I can't think of a time when I was colder. I couldn't even feel my fingers to put on my shoes while I tried to stay balanced on my bike over the speed bumps (that's something I should practice in training). The pictures don't show it, but I was shivering beyond control for the first 30 kilometres. I was pedalling at my max effort just to try to stay warm. I can at least thank the super-fast ladies I was with for pushing me to work so hard. I also want to thank the photographers for taking such stunning photos on the course, these are the best race photos I have from any race.
By the end of the bike, the wind had picked up and was pushing us back home at crazy speeds. I think the last 45 km only took an hour. T2 was also a surprise, because it was 20 kilometres from T1. The volunteers were excellent in directing me, however, and I found my racking spot easily. It also helps being at the back of the pro pack because there's only one section of racking filled with bikes, and that must be where yours goes too. I through on my shoes and started running.
By this time the mercury must have read almost 30º and was rising. But I felt great and was so relieved to finally be warm. I can handle the heat pretty well and I tend to suffer when it's cold. I was running stride for stride with a fellow Canadian female pro who was an Olympian. It's moments like these that make me love every decision in life that led to this point. I was trying to give her race info on her competitors and when I last saw them. She was so determined and was running so smoothly. I thought if I could just run with her for the first 10k to see how I felt I might have a good chance at getting a best time. At 6k, however, the course throws you a massively steep hill that broke me. I didn't save enough to keep up with her to the top and my pace dropped and she was gone. Oh to be 30 pounds lighter. I kept going to the turn around refocused on my nutrition. I was starting to feel the mistakes I had made on the bike and was lacking calories. I walked the next aid stations to get in as much cola as my stomach would allow. The refreshing fizz added a hop to my step and each time I felt a little better. The hill on the way home was equally terrible, though this time I managed to keep a steady pace. From the top it was all down-hill to the finish. 5k to go, 4k, 3k... Each step was agony and my foot was starting to scream in pain. 2k. This felt like a sprint now and I was gasping in air at max capacity. Final kilometre. The cheering fans make this part way easier and I ran across the line in 4:23. Not what I had hoped for but I was not disappointed with my performance.

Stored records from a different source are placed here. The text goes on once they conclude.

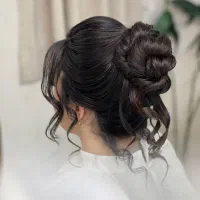 جشنواره تخفیفی تمامی خدمات زیبایی به مدت یک هفته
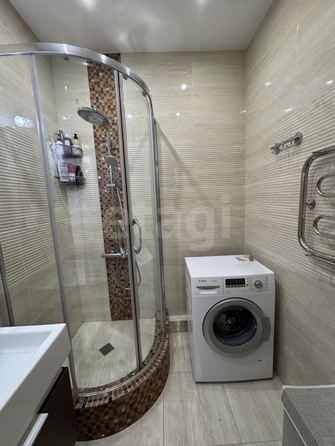 
  Продается 2-комн. квартира 61.2 м². Фото 21.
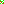 Destellos dst-10438063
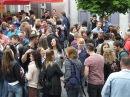 Flohmarkt-Riedlingen-2018-05-19-Bodensee-Community-SEECHAT_DE-_256_.JPG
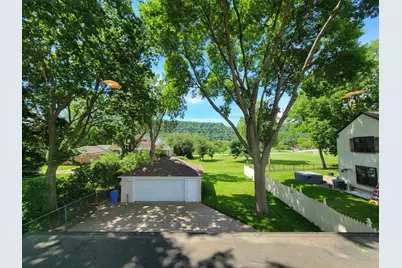 113 E Sarnia Street, Winona, MN 55987 - Photo 35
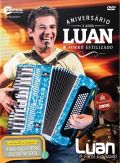 Luan & Forr Estilizado 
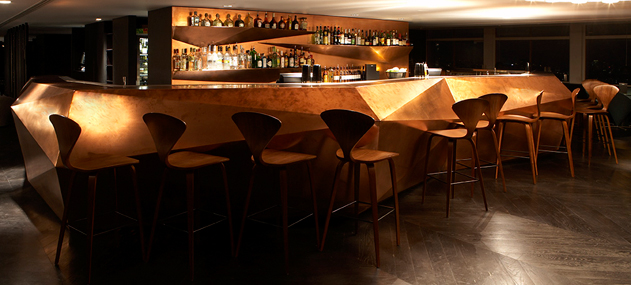 restaurant radar 01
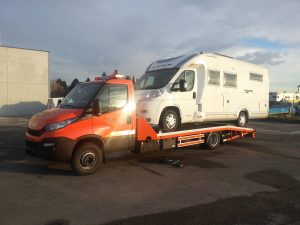 Tractari Auto Tulcea Non Stop Tractari Auto Tulcea Non Stop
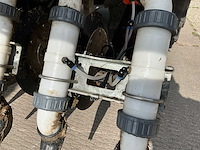 2023 schouten spider spc8020 bemester - afbeelding 6 van  35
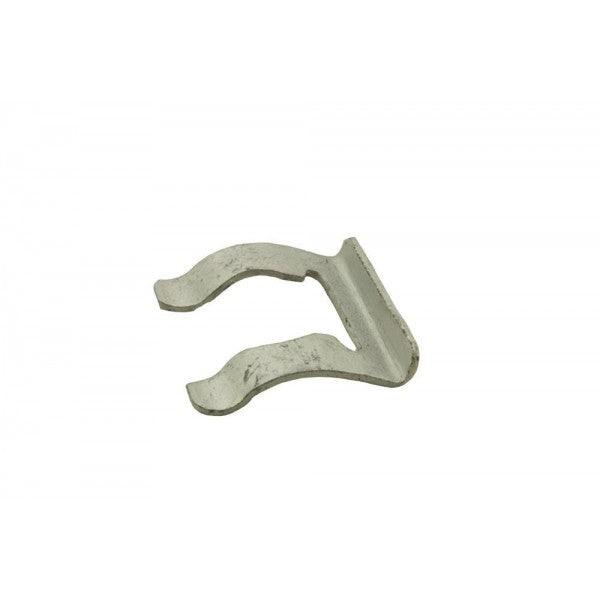 Clip Brake Hose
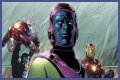 The New Villain in 'Ant-Man 3' Was Hinted at During 'Avengers: Endgame'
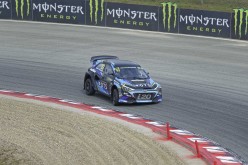 Patrick GUILLERME - Rallycross-Lohéac-31-08-19-D421948-PYA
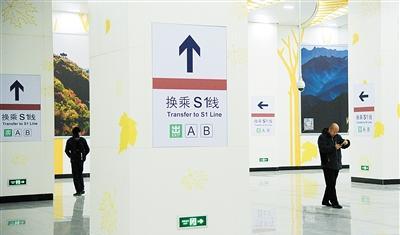 火車站路屬于哪個街道居委_火車站什么路_五路居火車站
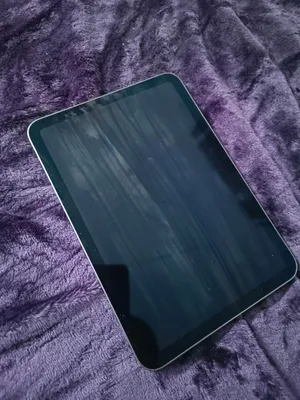 ipad-mini-6-for-sale-for-sale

I had a few friends from Waterloo racing there with me in the age-group division. I managed to get a picture of Matt Harrop finishing his first ever 70.3. It was once again inspiring to watch him finish and hear about his race experience. It always brings me back to why I started in the first place, and how we're so lucky to be healthy and able to do things like this. Albeit a little crazy to think that this is fun for some people, we love challenging ourselves and the vehicle of triathlon has been one of the most rewarding paths I have taken. Matt has since completed Ironman 70.3 Muskoka several times and Ironman Muskoka (what a champion). He is also racing Ironman Tremblant this August and I will be sure to follow him.